Today we bring you the second half of this family’s thoughts on adding baby number 2 into the mix. Brandon was so kind to share his thoughts; if you missed Heather’s thoughts on Monday, make sure to check them out here.
- So far, what has been your biggest joy in becoming a father again?
It has been a lot of fun to see our 2 year old son interact with his new sister and watch him embrace the big brother role. It was really exciting and surprising for Heather and I to find out that it was a girl this time around!
- What has been the biggest challenge you’ve faced since your baby was born?
Sleep:) It has been challenging to adjust to two little ones who don’t always want to sleep. In addition, I try to help out Heather during the nightly feedings/changes and still get enough sleep to make it through the workday at the office. Our main focus is to maintain our son’s nightly routine and so far that has been a success.
- How has your relationship with your wife changed since the birth of your 2nd child?
Our daughter’s birth has helped us communicate better and has helped us to cherish all these moments – our son is 2 already and the past few years can seem like a blur at times… We try to spend as much family time (reading books, playing with toys, going for a walk, etc.) as possible on weekends and after work on weekdays. We have found that Boston seems to have adjusted well to his new sister and I think a big part of that came from Heather and I continuing our family meals (when possible) and him seeing us both interacting with him similarly to when it was only the three of us.
- Did you feel that your childbirth classes prepared you for this birth? How so?
Absolutely, the classes were a great refresher for us. In addition, we learned a lot about water birth – something that we had planned to do for the second birth but had not done for the first. The classes also helped us realize the things that happened at our first birth that we really wanted or really didn’t want to happen at the second.

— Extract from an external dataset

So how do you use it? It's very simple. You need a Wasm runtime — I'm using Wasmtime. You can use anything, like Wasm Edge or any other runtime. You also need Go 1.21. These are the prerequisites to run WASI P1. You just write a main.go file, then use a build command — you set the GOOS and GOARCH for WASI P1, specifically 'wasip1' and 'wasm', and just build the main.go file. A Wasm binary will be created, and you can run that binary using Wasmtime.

- What is one thing you think all parents should know before the birth of their baby?
Everyone will give you advice or use the ‘we did it this way and it worked out ok’ lines, but trust your instincts. We have done things (elimination communication, water birth, co-sleeping, etc.) that our parents, family, and/or friends have disagreed with or questioned us about, but having done a lot of research and seeing the positive results with Boston we feel confident that we are doing what’s best for our family. Knowledge is key, so research and don’t just assume that a ‘fact’ is accurate – there are many different parenting styles and a lot of ‘misinformation’ online and in the media. Lastly, remember at the end of the day that you and your spouse are on the ‘same team’ and striving for the same goal(s) – lack of sleep and other stressors can cause frustration between you and your spouse, but keep your focus on what’s really important and how you can communicate and work together to be the best parents that you can be!